---- RECORDS PROVIDED

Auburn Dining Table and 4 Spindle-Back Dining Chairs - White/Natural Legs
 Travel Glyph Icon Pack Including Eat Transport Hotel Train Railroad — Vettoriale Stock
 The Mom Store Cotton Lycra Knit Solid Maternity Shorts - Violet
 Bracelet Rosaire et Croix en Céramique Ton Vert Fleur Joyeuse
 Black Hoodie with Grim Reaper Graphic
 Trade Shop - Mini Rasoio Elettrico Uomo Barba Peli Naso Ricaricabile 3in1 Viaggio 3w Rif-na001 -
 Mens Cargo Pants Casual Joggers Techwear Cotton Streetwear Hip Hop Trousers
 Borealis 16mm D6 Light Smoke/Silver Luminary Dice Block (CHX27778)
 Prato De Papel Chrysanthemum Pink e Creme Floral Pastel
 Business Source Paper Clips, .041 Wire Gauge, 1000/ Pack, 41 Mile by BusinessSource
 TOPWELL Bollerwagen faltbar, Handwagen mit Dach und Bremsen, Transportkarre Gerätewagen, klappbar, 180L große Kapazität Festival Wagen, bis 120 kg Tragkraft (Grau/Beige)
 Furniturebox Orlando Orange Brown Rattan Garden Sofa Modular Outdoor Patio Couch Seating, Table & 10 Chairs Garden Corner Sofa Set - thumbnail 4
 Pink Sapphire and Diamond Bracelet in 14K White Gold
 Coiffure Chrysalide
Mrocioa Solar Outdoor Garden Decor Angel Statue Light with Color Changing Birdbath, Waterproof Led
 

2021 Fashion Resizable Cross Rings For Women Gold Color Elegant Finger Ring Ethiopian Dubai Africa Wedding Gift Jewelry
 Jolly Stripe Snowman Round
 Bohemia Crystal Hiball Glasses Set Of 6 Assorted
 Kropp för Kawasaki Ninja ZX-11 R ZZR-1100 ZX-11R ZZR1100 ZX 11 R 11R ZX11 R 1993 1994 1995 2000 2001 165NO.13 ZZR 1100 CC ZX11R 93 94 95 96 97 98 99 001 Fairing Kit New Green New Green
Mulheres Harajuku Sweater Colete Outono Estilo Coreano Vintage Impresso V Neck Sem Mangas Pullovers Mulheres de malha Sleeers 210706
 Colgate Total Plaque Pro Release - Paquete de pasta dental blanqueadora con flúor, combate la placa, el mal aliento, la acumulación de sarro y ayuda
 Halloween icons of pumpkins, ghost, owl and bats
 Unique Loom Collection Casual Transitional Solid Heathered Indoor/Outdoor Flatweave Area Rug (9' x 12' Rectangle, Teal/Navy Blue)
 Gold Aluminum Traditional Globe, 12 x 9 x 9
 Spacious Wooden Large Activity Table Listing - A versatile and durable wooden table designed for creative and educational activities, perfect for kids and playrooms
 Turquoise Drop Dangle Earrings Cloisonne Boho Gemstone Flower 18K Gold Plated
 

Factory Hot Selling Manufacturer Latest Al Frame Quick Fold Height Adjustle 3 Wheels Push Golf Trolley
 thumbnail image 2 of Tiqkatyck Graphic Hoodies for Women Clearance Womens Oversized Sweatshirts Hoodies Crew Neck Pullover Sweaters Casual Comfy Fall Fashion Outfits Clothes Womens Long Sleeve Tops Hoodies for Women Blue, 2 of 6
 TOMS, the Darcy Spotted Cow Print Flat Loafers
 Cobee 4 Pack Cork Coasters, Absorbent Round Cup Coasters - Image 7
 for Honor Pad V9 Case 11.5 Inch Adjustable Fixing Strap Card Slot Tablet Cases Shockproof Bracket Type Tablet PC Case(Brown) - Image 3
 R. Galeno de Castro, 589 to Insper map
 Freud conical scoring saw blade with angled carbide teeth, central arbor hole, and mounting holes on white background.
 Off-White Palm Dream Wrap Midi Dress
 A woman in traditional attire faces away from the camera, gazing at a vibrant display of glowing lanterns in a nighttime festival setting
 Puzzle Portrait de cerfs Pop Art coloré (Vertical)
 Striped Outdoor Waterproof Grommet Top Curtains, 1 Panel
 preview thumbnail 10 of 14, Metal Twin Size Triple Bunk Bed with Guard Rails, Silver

--------

◆ PROBLEM DESCRIPTION ◆
Give back, exactly as written, the stretch from the line with "2021 Fashion Resizable" through the line with "Halloween icons of", and no other lines from the records above.

◆ SOLUTION BELOW ◆
2021 Fashion Resizable Cross Rings For Women Gold Color Elegant Finger Ring Ethiopian Dubai Africa Wedding Gift Jewelry
 Jolly Stripe Snowman Round
 Bohemia Crystal Hiball Glasses Set Of 6 Assorted
 Kropp för Kawasaki Ninja ZX-11 R ZZR-1100 ZX-11R ZZR1100 ZX 11 R 11R ZX11 R 1993 1994 1995 2000 2001 165NO.13 ZZR 1100 CC ZX11R 93 94 95 96 97 98 99 001 Fairing Kit New Green New Green
Mulheres Harajuku Sweater Colete Outono Estilo Coreano Vintage Impresso V Neck Sem Mangas Pullovers Mulheres de malha Sleeers 210706
 Colgate Total Plaque Pro Release - Paquete de pasta dental blanqueadora con flúor, combate la placa, el mal aliento, la acumulación de sarro y ayuda
 Halloween icons of pumpkins, ghost, owl and bats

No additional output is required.